_ASSIGNMENT_. Search the entries below for "552 N Main Street, Lodi, NJ 07644 - Photo 7". Give that line and all the lines after it again, exactly, through the last, without pictures.

※ ※ ※

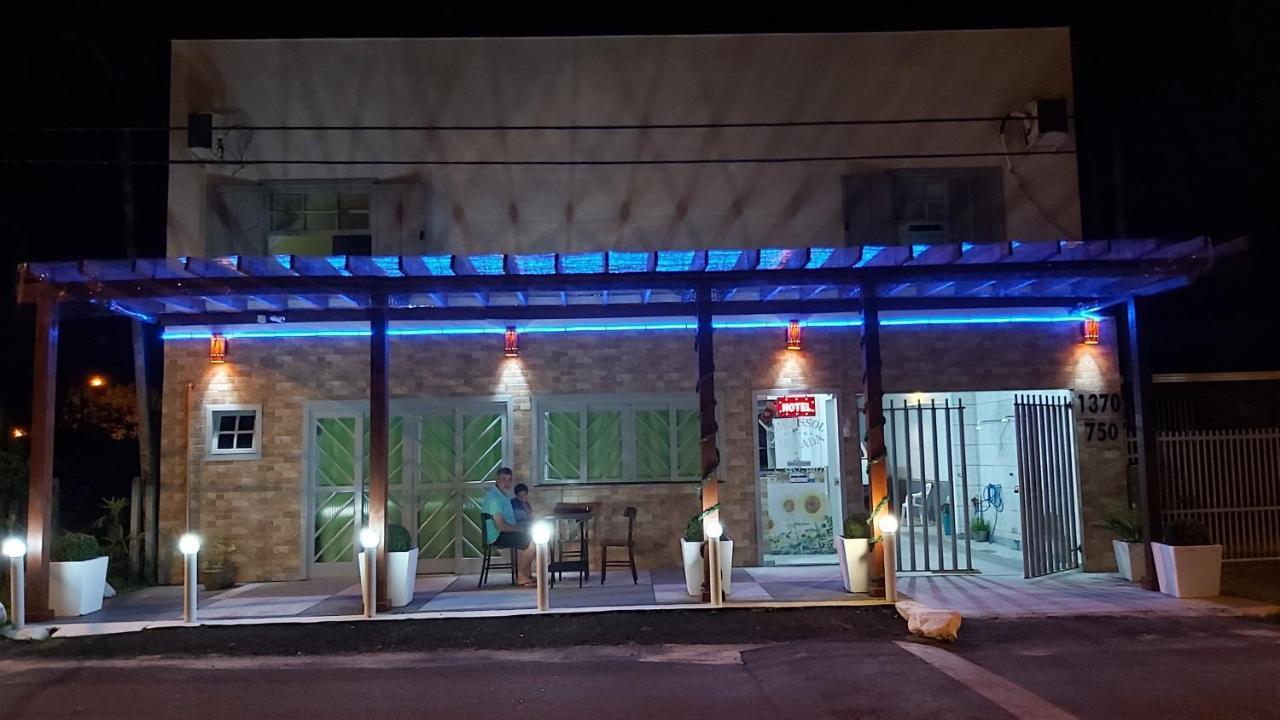 Hotel Pousada Girassol Matinhos Εξωτερικό φωτογραφία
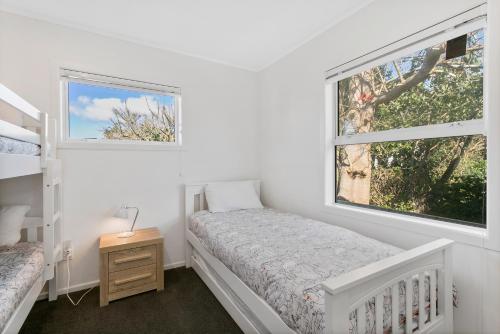Ένα ή περισσότερα κρεβάτια σε δωμάτιο στο The Waihi Beach House - Waihi Beach Holiday Home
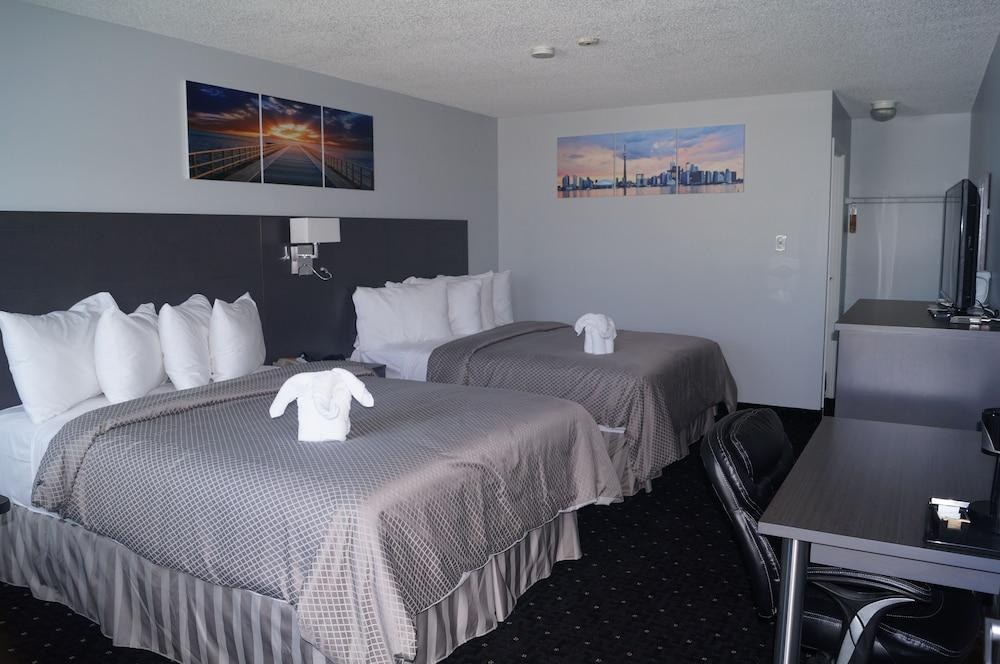 HOWARD JOHNSON INN GANANOQUE photo 4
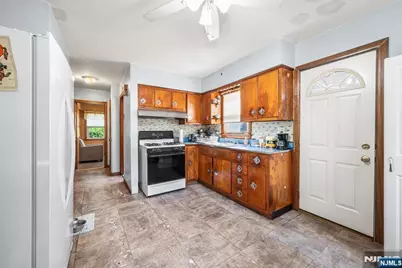 552 N Main Street, Lodi, NJ 07644 - Photo 7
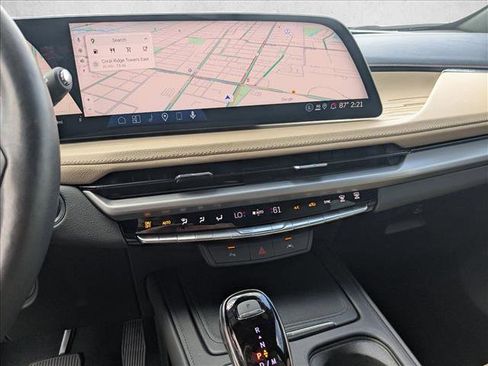 Used 2025 Cadillac XT4 Premium Luxury image 15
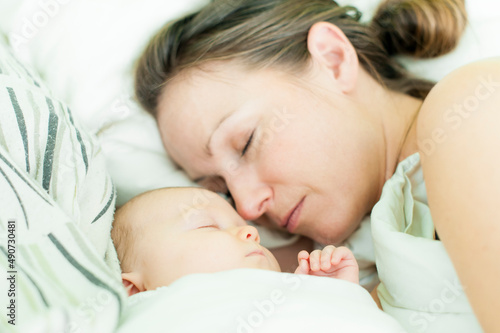 Mutter mit Kleinkind schläft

※ ※ ※

_ANSWER TO THE PROBLEM_.
 552 N Main Street, Lodi, NJ 07644 - Photo 7
 Used 2025 Cadillac XT4 Premium Luxury image 15
 Mutter mit Kleinkind schläft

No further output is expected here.